Capitaland China Trust (SGX: AU8U) has seen its share price tumble by over 30% over the past 12 months despite its new investment mandate set in FY2021. FY2022 was a weak year for Capitaland China Trust as its DPU fell by 14% and its overall portfolio seems to be weakening over time. Let’s take a look at how Capitaland China Trust (CCT) has done in FY2023 and whether is there any hope for recovery for investors.
1. Mixed Growth in Gross Revenue and NPI
|Year on Year Difference
|S$364.746 million (-4.8%)
|Net Property Income (NPI)
|S$246.739 million (-2.9%)
Capitaland China Trust (CCT) saw a slight drop in its Gross Revenue and NPI on an SGD basis by 4.8% and 2.9% respectively. Despite this, if we were to compare on an RMB basis, we would actually see a net increase in its Gross Revenue and NPI by 3.3% and 5.3% respectively. It’s good to note that the foreign exchange rate differed significantly from FY2022 to FY2023, increasing from 4.832 to 5.243 (SGD/RMB). This resulted in a weaker SGD basis performance but if we were to look at CCT on an RMB basis since its assets are in RMB, we can still see decent growth for FY2023.
A deeper dive into the results shows us that the key laggards are the logistic park assets. As we can see, 2 of the 4 logistic parks have occupancies in the 60s while we have the other 2 in the high 90s. Fortunately, the business parks and retail assets are performing well which resulted in the Gross Revenue and NPI being up overall in FY2023. Would be great if CCT could resolve this issue or further increase its portfolio assets in the other 2 segments to diversify away from the weak logistic parks.
2. Weaker Distributable Income and DPU
|Year on Year Difference
|S$113.863 million (-9.4%)
|Distribution Per Unit (DPU)
|6.74 cents (-10.1%)
Similarly, the Distributable Income and DPU took a hit as a result of the Gross Revenue and NPI being down on an SGD basis.
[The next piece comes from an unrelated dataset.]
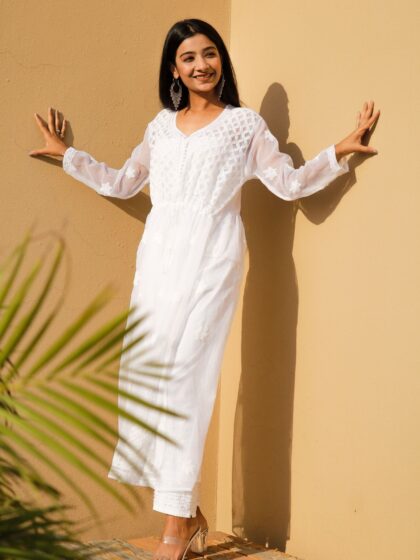 Chikankari Cotton Kurti - White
On top of the weaker foreign exchange rate, CCT saw a net decrease in its Distributable Income and DPU due to higher net finance costs which come from a higher cost of debt. CCT’s net finance costs increased from S$56.23m to S$66.671m, representing an 18.6% increase.
3. Stabilizing but Deteoriating Balance Sheet
|As at 31 Dec 2023
|As at 31 Dec 2022
|Average Cost of Debt
When we dive into CCT’s balance sheet, we can see that its aggregate leverage has increased further from 39.6% to 41.5%. The high leverage will hinder growth opportunities for CCT as this limits the debt headroom available. This also means that if CCT does make any large acquisitions, it will likely be funded through a mixture of debt and Equity Fundraising (EFR).
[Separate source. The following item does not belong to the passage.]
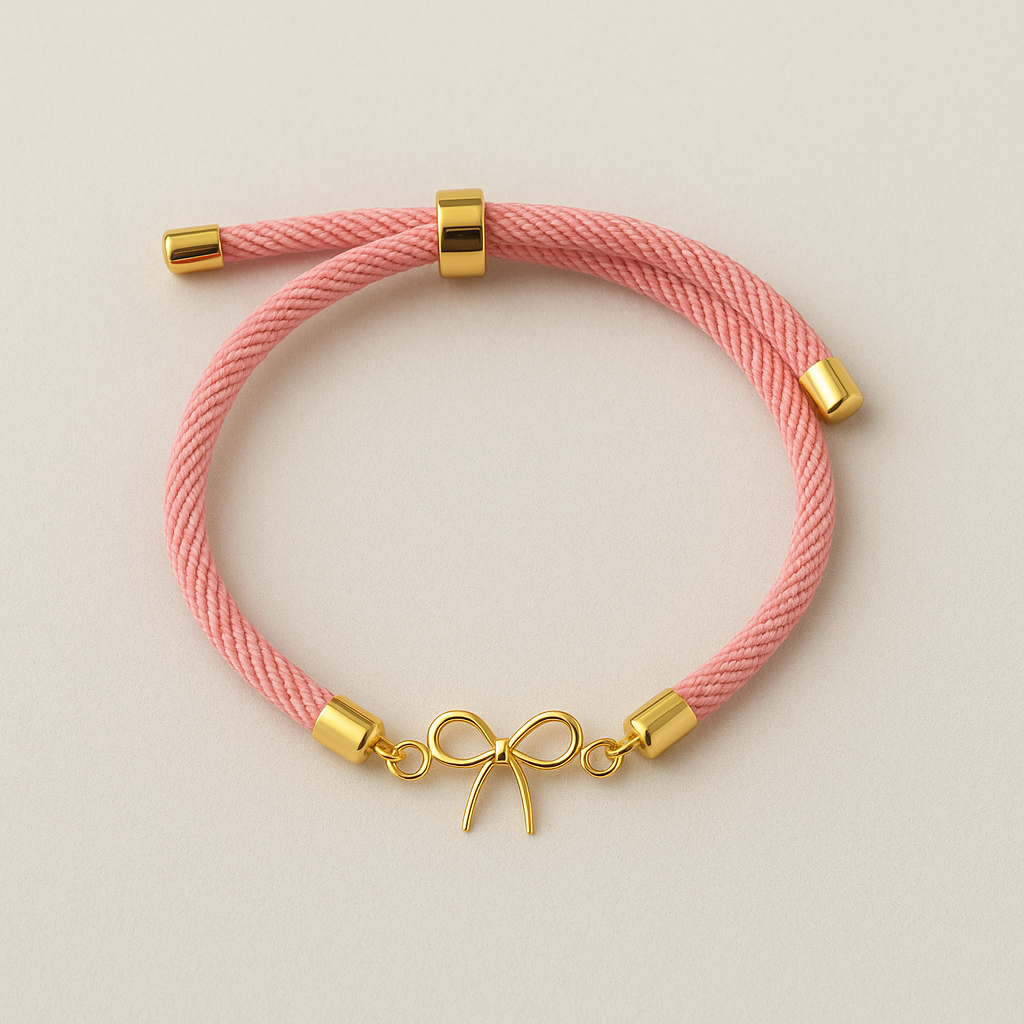 Bow gold & cord bracelet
We can also see that the interest coverage ratio fell from 3.6x to 3.1x, which is bad but it is still above the minimum of 2.5x should a REIT choose to leverage up to 50%. CCT has also increased its cost of debt drastically from 2.97% to 3.57% as it rebalances its % of fixed-rate debts from 71% to 82%. As a result of this allocation, CCT’s Distributable Income stands to see a net increase of S$1.2m or a reduction of S$1.5m p.a. from the impact on interest expense, assuming a 0.5% increase/decrease in the variable rate. It is good to note that there is a variance in the net gain/reduction as there is a mixture of SGD and RMB debt (80% – 20%) in CCT’s portfolio.
4. Growth Potential
As mentioned above, the logistics park segment is a burden on CCT’s overall portfolio. It would be beneficial if the management handled this either by placing more emphasis on business parks and retail assets or by improving the tenancy and occupancy rate in the logistic parks. On top of this, with the updated investment mandate since FY2021, they can acquire not just retail malls but also, office and industrial properties. Not to mention, they can also acquire across Hong Kong and Macau as well, not restricted to just China assets. This huge change widens CCT’s range of possible acquisitions, especially from their sponsor, Capitaland.
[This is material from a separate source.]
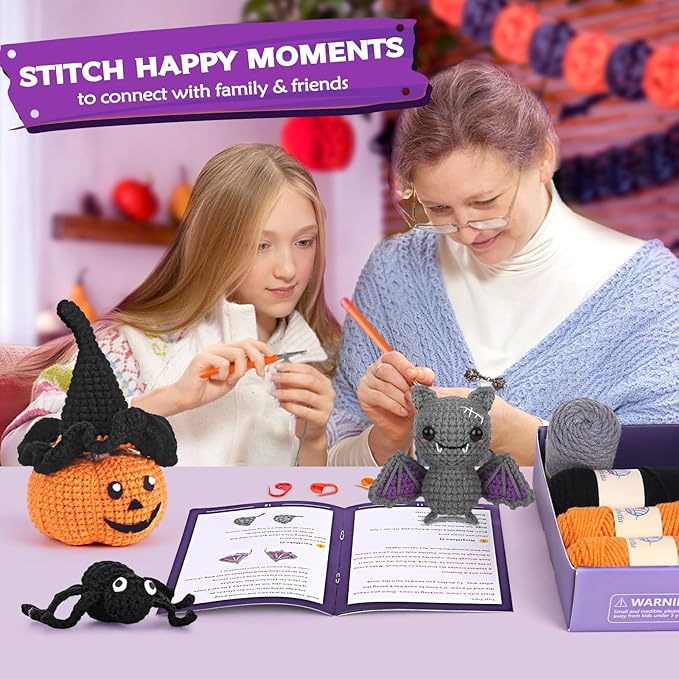 Crochetta Crochet Kit for Beginners, Halloween Decorations, Pumpkin Spider Bat Crochet Animal Kit for Adults and Kids with Step-by-Step Video Tutorials, DIY Knitting(40%+ Yarn)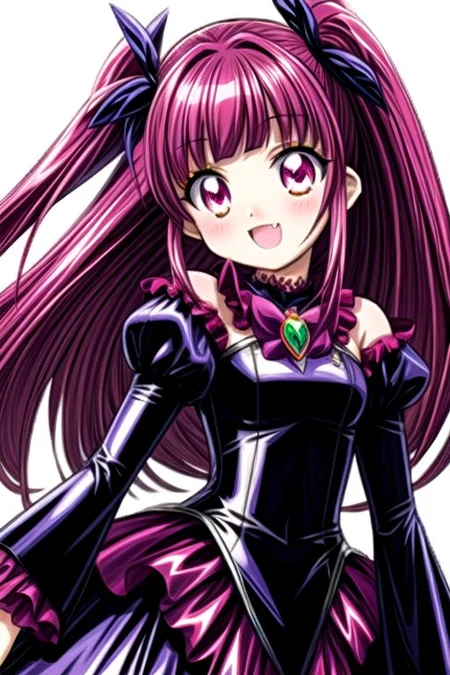 Bad_End_Precure, DarkPrecure, corrupted princess wearing dark pastel (ruffled:1) (gleaming latex:1) gown with (latex vampire cloak:1) and (long frilly wide sleeves), soft lighting, ruffles, (cute little fang:1)
(vmpr:1),
<lora:more_details:1>,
Capitaland China Trust can leverage a much bigger pipeline from its Sponsor, with more than 80 assets that could be pipelined into CCT just in China alone, not adding in assets that are in Macau and Hong Kong. This definitely presents a huge upside for CCT but given its current high aggregate leverage, investors might need to get their pockets ready in the case of an EFR
As we can see from the FY2023 Results of Capitaland China Trust, it was a very mixed set of results. Even though the Gross Revenue and NPI improved on an RMB basis, the net Distributable Income and DPU still fell significantly. Although factors such as foreign exchange rates or interest rates cannot be controlled by the REIT, it is important that the management proactively improves the REIT. One good note is that the REIT has a high % of fixed-rate debts which means that moving forward, the finance expense will be more predictable.
Based on its last close of S$0.835, Capitaland China Trust is currently valued at a 0.708 Price/Book ratio with a Trailing Twelve Month (TTM) yield of 8.07%. This is pretty attractive and the yield does offer a big margin of safety for investors while waiting for the REIT to recover.